Exercise: Would you please copy the entries exactly, leaving every picture aside?

Records:
★ ★ ★ ★ ★

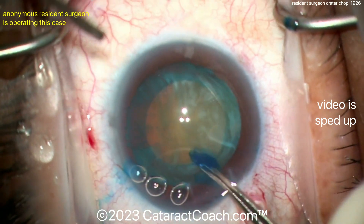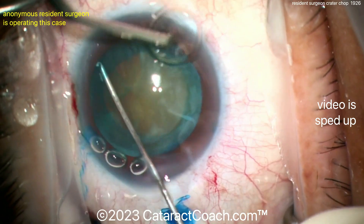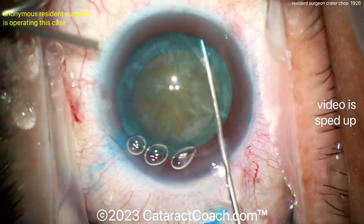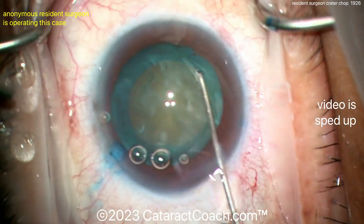No losing the viscoelastic that's in the anterior chamber — that's a beautiful looking rhexis, really nice. Here's a specialized cannula, looks like a Chang cannula, for the hydrodissection in a couple of different quadrants.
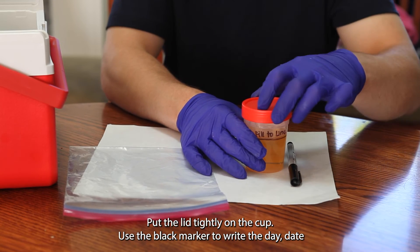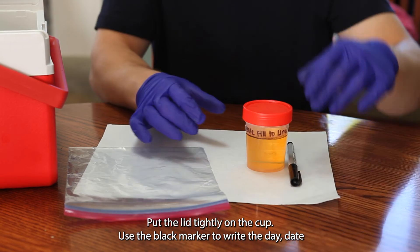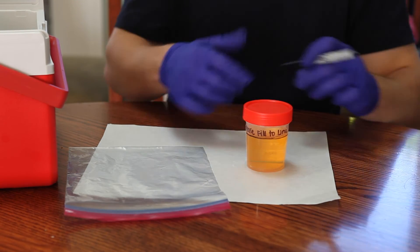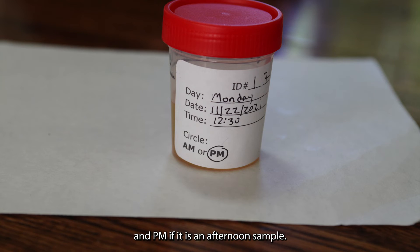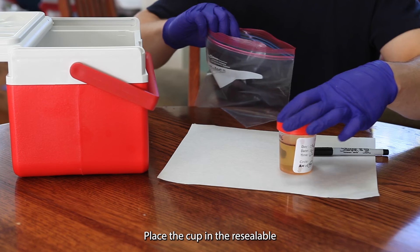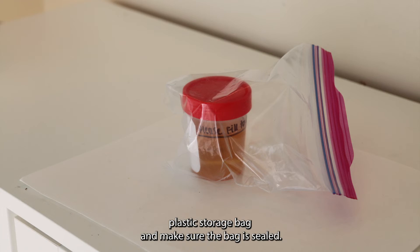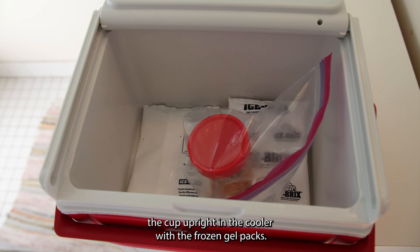Next, put the lid tightly on the cup. Use a black marker to write the day, date, and time on the urine cup. Circle AM if it is a morning sample and PM if it is an afternoon sample. Place the cup in the resealable plastic storage bag and make sure the bag is sealed. After collecting the sample, immediately place the cup upright in the cooler with the frozen gel packs.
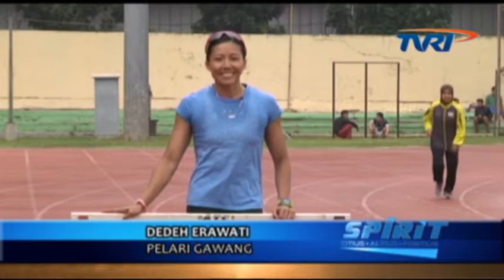Hello friends, today we are going to talk about the basic gawang. There are three steps of the adaptation of the gawang.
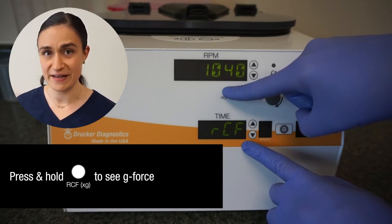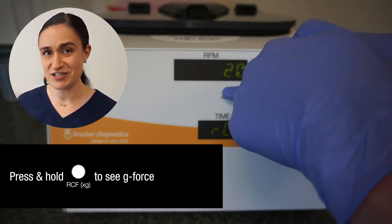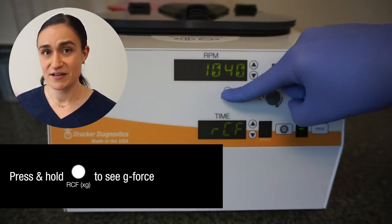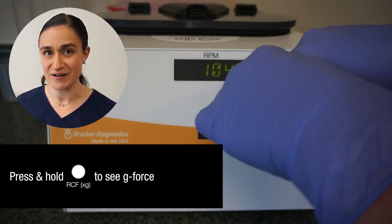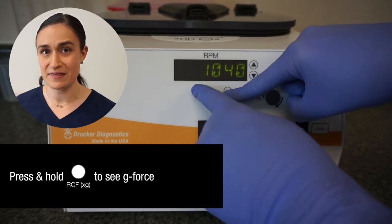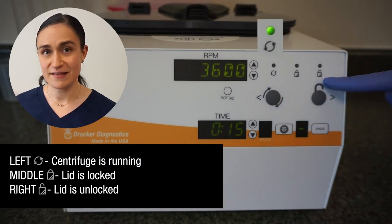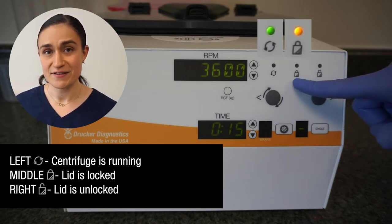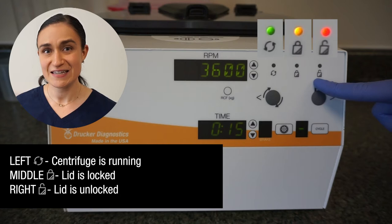When the g-force is displayed in the RPM screen, you can use the buttons to the right to adjust by g-force instead of RPM — just keep holding the button. Keep in mind that as you adjust either your RPM or your g-force, that number will change dynamically to represent the currently selected speed, so the currently shown value is the one that you will spin. To the right of that, we have our indicator lights. The left-hand light illuminates when the centrifuge is spinning, the center light when the lid lock is engaged, and the right-hand light to indicate the lid latch is unlocked.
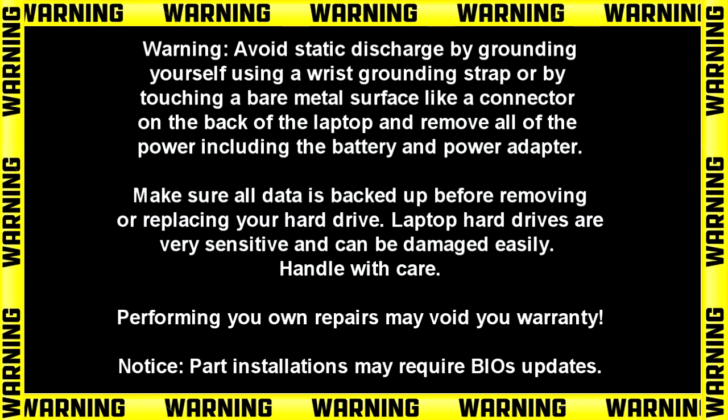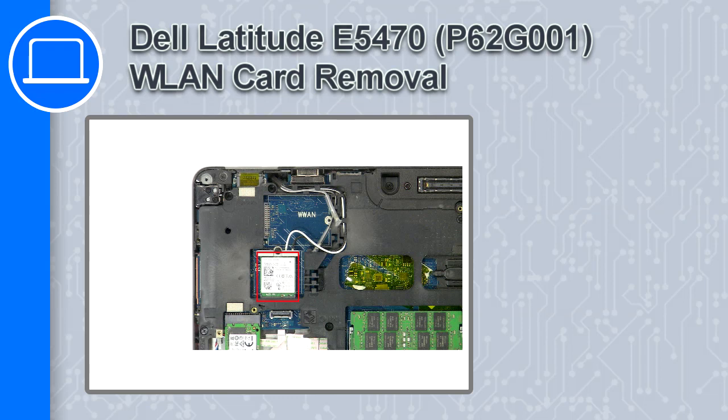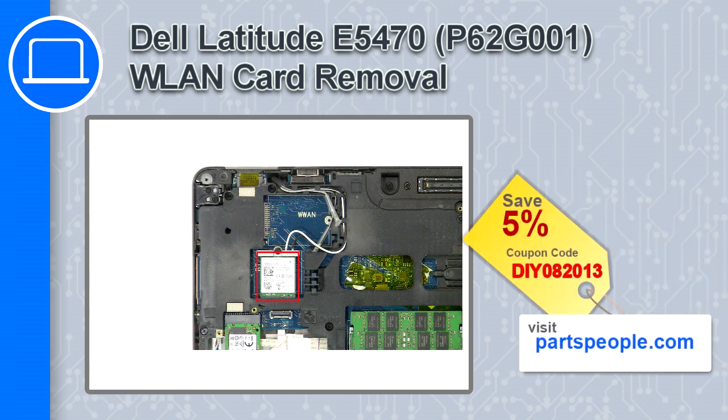How's it going? This is Ricardo, and in this video I'll show you how to remove the wireless card on a Dell Latitude E5470. If you're looking for parts for this laptop, go to our website and use this coupon for a 5% off discount.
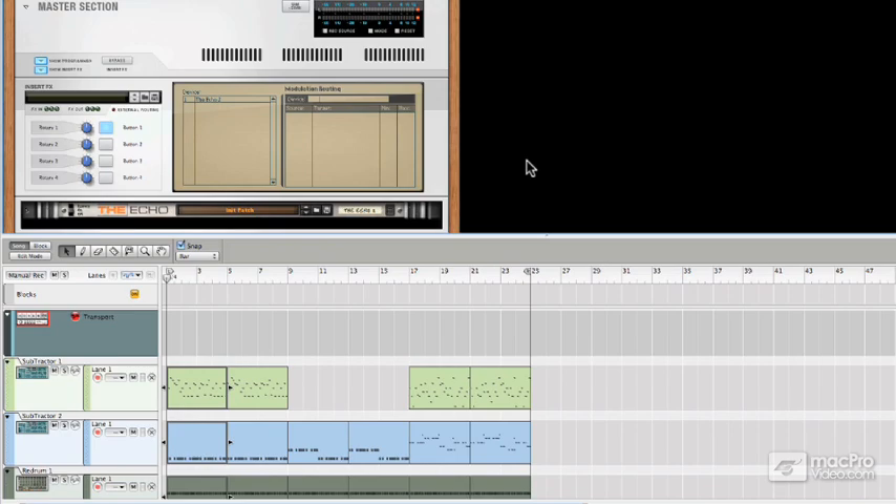Buffer is really helpful on individual elements within your song. We've covered how cool Buffer can be for spicing up drum loops, vocals, and synths, and you've probably had plenty of other revelations on where Buffer can help out on your own.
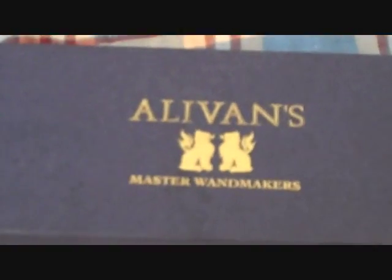Hello everybody, this is the Noble GJN, and today we are reviewing the Alvins Wand Makers — the Ash Wand.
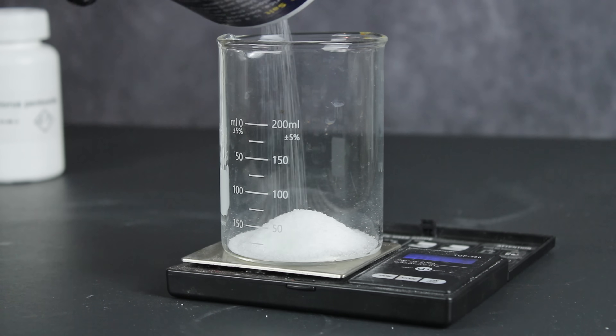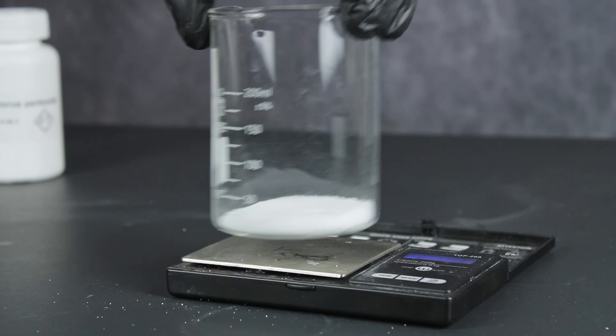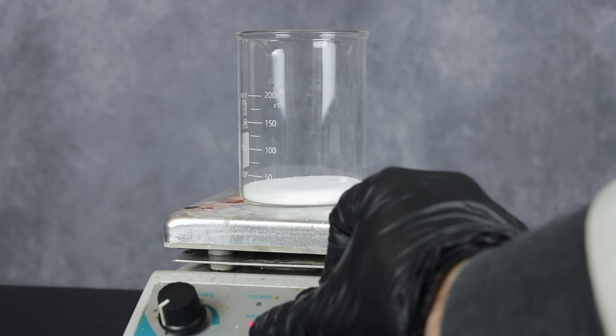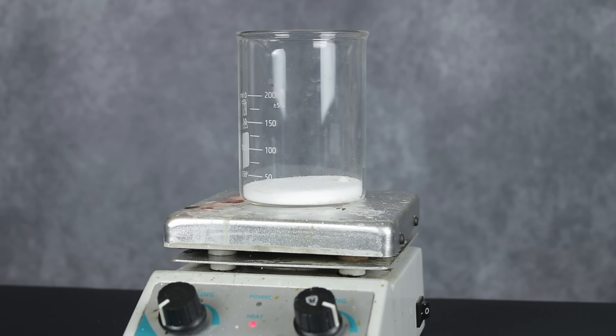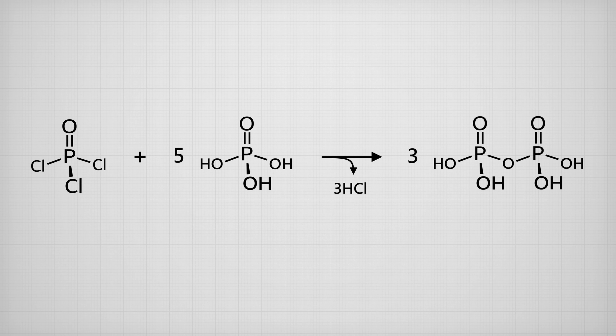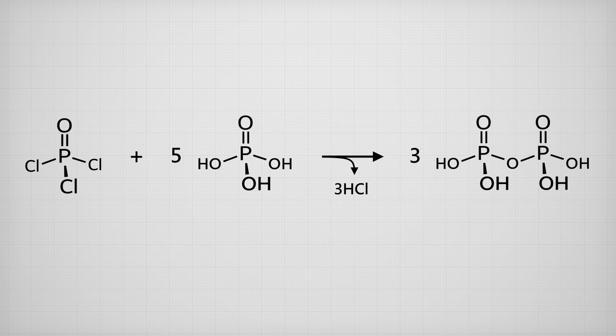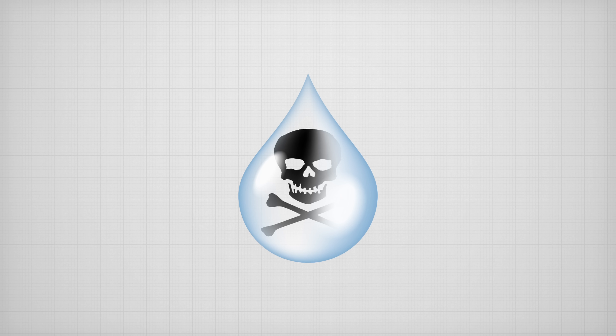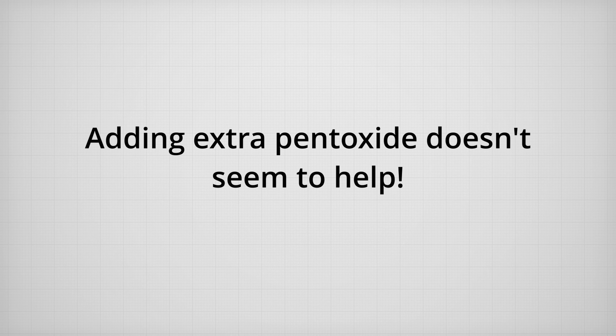To get started, I first weighed out 38 grams of table salt, which I set on my hot plate to dry. Sodium chloride has a tendency to absorb moisture from the air, which not only destroys the end product, but also strongly inhibits the reaction by coating the phosphorus pentoxide particles in a non-reactive layer of phosphoric acid. This layer will itself react with the phosphoryl chloride as it forms, converting it into undesirable hydrogen chloride and pyrophosphoric acid. Essentially, water poisons this reaction and will totally ruin your yield, even in small amounts. And as I learned the hard way, you can't just add more pentoxide to absorb it all — cooking it out is really the best option.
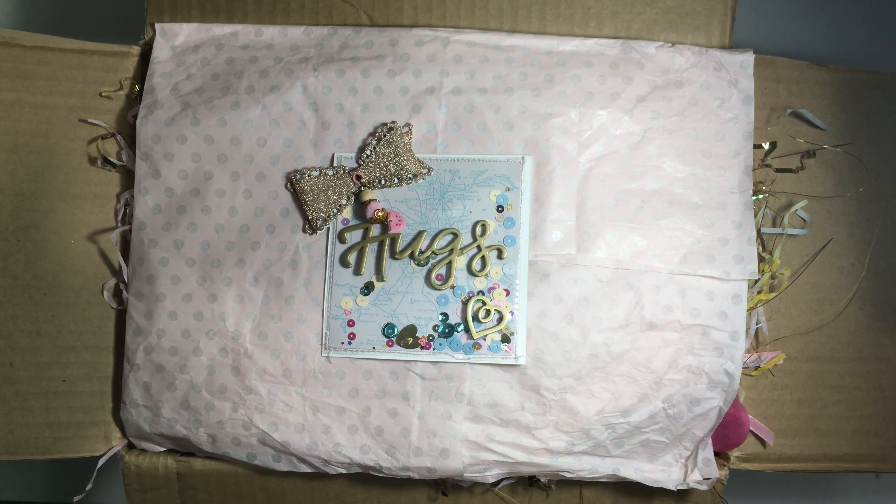The next thing is this little pencil pouchy thing that I made. It's got a bow on the side with a little dangle, and inside of it are two of the rainbow pom poms. I actually made a video on how to make these if you're curious — I'll link it in the description for you. I need to make more of those because they're so pretty.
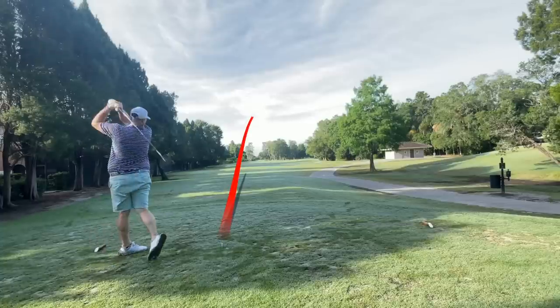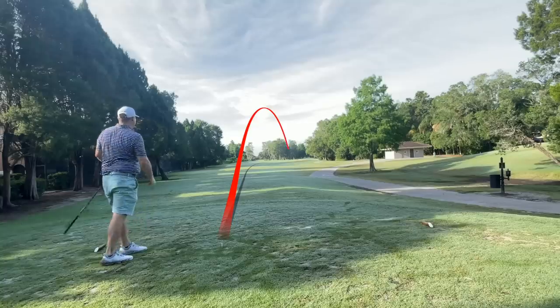We've got a little dogleg par 4 coming up. I'm going to try to hit a bit of a fade here. That one had some nice bend to it and again low trajectory. This ball is definitely a wind cheater — I think it's probably better suited for a windier, links-style golf course. But I'd like to see it get up in the air a little better here in Florida where I'm not getting much roll.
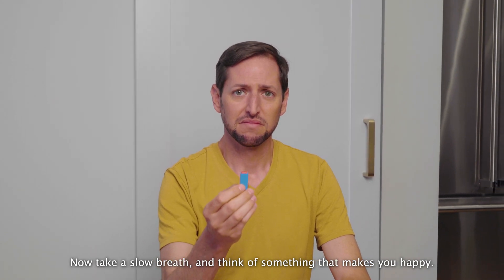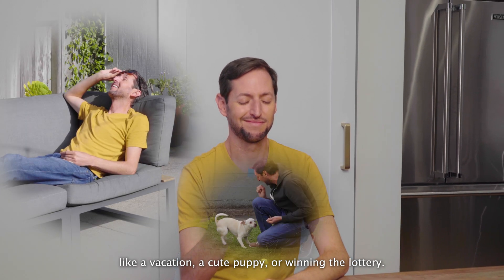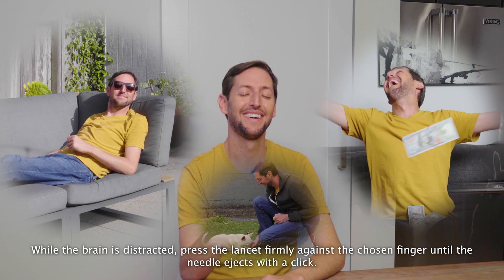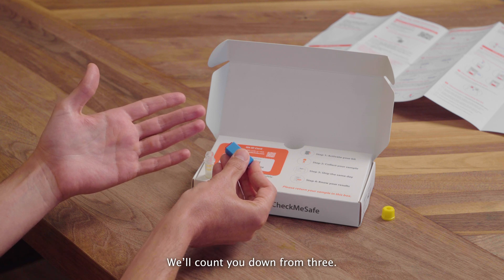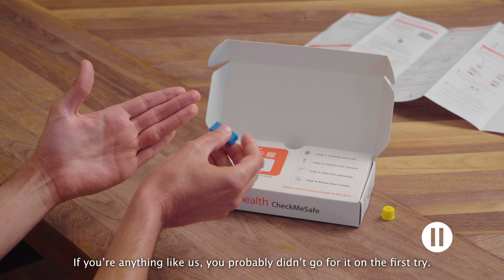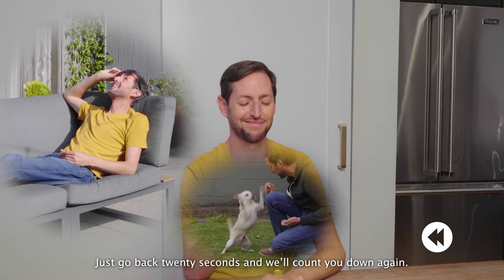Take a slow breath and think of something that makes you happy — like a vacation, a cute puppy, or winning the lottery. While the brain is distracted, press the lancet firmly against the chosen finger until the needle ejects with a click. We'll count you down from three: three, two, one. If you're anything like us, you probably didn't go for it on the first try, and that's okay. Just go back 20 seconds and we'll count you down again.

★ ★ ★ ★ ★

Output:
No losing the viscoelastic that's in the anterior chamber — that's a beautiful looking rhexis, really nice. Here's a specialized cannula, looks like a Chang cannula, for the hydrodissection in a couple of different quadrants.
Next, put the lid tightly on the cup. Use a black marker to write the day, date, and time on the urine cup. Circle AM if it is a morning sample and PM if it is an afternoon sample. Place the cup in the resealable plastic storage bag and make sure the bag is sealed. After collecting the sample, immediately place the cup upright in the cooler with the frozen gel packs.
Hello friends, today we are going to talk about the basic gawang. There are three steps of the adaptation of the gawang.
When the g-force is displayed in the RPM screen, you can use the buttons to the right to adjust by g-force instead of RPM — just keep holding the button. Keep in mind that as you adjust either your RPM or your g-force, that number will change dynamically to represent the currently selected speed, so the currently shown value is the one that you will spin. To the right of that, we have our indicator lights. The left-hand light illuminates when the centrifuge is spinning, the center light when the lid lock is engaged, and the right-hand light to indicate the lid latch is unlocked.
How's it going? This is Ricardo, and in this video I'll show you how to remove the wireless card on a Dell Latitude E5470. If you're looking for parts for this laptop, go to our website and use this coupon for a 5% off discount.
Buffer is really helpful on individual elements within your song. We've covered how cool Buffer can be for spicing up drum loops, vocals, and synths, and you've probably had plenty of other revelations on where Buffer can help out on your own.
Hello everybody, this is the Noble GJN, and today we are reviewing the Alvins Wand Makers — the Ash Wand.
To get started, I first weighed out 38 grams of table salt, which I set on my hot plate to dry. Sodium chloride has a tendency to absorb moisture from the air, which not only destroys the end product, but also strongly inhibits the reaction by coating the phosphorus pentoxide particles in a non-reactive layer of phosphoric acid. This layer will itself react with the phosphoryl chloride as it forms, converting it into undesirable hydrogen chloride and pyrophosphoric acid. Essentially, water poisons this reaction and will totally ruin your yield, even in small amounts. And as I learned the hard way, you can't just add more pentoxide to absorb it all — cooking it out is really the best option.
The next thing is this little pencil pouchy thing that I made. It's got a bow on the side with a little dangle, and inside of it are two of the rainbow pom poms. I actually made a video on how to make these if you're curious — I'll link it in the description for you. I need to make more of those because they're so pretty.
We've got a little dogleg par 4 coming up. I'm going to try to hit a bit of a fade here. That one had some nice bend to it and again low trajectory. This ball is definitely a wind cheater — I think it's probably better suited for a windier, links-style golf course. But I'd like to see it get up in the air a little better here in Florida where I'm not getting much roll.
Take a slow breath and think of something that makes you happy — like a vacation, a cute puppy, or winning the lottery. While the brain is distracted, press the lancet firmly against the chosen finger until the needle ejects with a click. We'll count you down from three: three, two, one. If you're anything like us, you probably didn't go for it on the first try, and that's okay. Just go back 20 seconds and we'll count you down again.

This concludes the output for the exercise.